Just picked up a new 2019 TT RS, without the Technology package. ($3500 seemed damn steep to me.) Anyway, have found the MMI interface a little lacking, and I miss CarPlay from my last car. I see that Audi sells the Smartphone Interface for retrofit. However, the webpage at parts.audiusa.com indicates that it's not compatible with the TT RS; only the TT (and I would presume, the TT S as well.) Does this make sense to anyone? Is there something so different about the RS's MMI or whatever that makes it incompatible?


----------



## Vegas-RoadsTTer (Mar 17, 2013)

*I've investigated this for the base TT*



MKranz said:


> Just picked up a new 2019 TT RS, without the Technology package. ($3500 seemed damn steep to me.) Anyway, have found the MMI interface a little lacking, and I miss CarPlay from my last car. I see that Audi sells the Smartphone Interface for retrofit. However, the webpage at parts.audiusa.com indicates that it's not compatible with the TT RS; only the TT (and I would presume, the TT S as well.) Does this make sense to anyone? Is there something so different about the RS's MMI or whatever that makes it incompatible?


I've been shopping for a 2016 TT roadster and was concerned that I might eventually want the Smartphone interface which was not offered on the 2016 MY in the US so I'd have to get a 2017MY for that feature. After investigation, I found a Smartphone retrofit for the 2016 TT on the Audi GMBH site. To my knowledge, the retrofit you speak of only applies to TTs that have the Technology Package which did not include the Smartphone interface, specifically the 2016 TT and TTS with the Technology Package option. The cost is about $500. That is, a retrofit for a Mk 3 TT/TTS/TTRS without the Technology Package does not exist which is why you are not seeing it because all TTRS sold in the US with the Technology Package have the smartphone interface and thus the retrofit is not needed.

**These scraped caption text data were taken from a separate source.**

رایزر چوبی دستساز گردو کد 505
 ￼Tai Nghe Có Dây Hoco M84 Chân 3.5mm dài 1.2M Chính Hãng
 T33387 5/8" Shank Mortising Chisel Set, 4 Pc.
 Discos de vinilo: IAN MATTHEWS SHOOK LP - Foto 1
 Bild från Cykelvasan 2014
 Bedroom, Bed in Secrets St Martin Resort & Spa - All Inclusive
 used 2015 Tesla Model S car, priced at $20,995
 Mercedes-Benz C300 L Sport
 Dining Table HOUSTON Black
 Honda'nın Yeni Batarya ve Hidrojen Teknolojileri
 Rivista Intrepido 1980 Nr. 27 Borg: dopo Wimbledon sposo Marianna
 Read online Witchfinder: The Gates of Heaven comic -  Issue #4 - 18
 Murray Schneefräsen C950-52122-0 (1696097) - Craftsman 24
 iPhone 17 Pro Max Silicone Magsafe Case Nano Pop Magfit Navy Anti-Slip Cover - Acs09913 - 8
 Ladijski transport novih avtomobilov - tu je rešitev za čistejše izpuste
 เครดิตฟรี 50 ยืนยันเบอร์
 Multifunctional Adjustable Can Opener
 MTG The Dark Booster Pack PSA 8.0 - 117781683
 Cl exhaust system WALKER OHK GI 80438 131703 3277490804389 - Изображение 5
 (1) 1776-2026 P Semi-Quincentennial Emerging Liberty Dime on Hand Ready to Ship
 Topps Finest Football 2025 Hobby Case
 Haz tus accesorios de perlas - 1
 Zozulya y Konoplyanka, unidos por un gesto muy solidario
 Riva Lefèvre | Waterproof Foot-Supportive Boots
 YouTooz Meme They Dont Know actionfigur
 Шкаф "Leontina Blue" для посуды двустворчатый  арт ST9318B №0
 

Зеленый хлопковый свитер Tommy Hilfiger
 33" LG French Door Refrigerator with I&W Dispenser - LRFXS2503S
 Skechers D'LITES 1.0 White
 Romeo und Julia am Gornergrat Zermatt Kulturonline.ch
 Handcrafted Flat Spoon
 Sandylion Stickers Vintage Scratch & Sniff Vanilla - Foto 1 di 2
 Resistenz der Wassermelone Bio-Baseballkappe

However, to be certain, call you Service Manager to investigate.


----------



## HeyNowSkippy (Apr 16, 2019)

Well that kinda stinks. Is it possible to retrofit the part of the Tech package that would include nav and the smartphone interface? Not cheap, I’m sure. But possible?


----------



## HeyNowSkippy (Apr 16, 2019)

Good news, my sales guy tells me that Smartphone Interface is in fact able to be retrofitted. $399 + 3 hours labor. 


Sent from my iPhone using Tapatalk


----------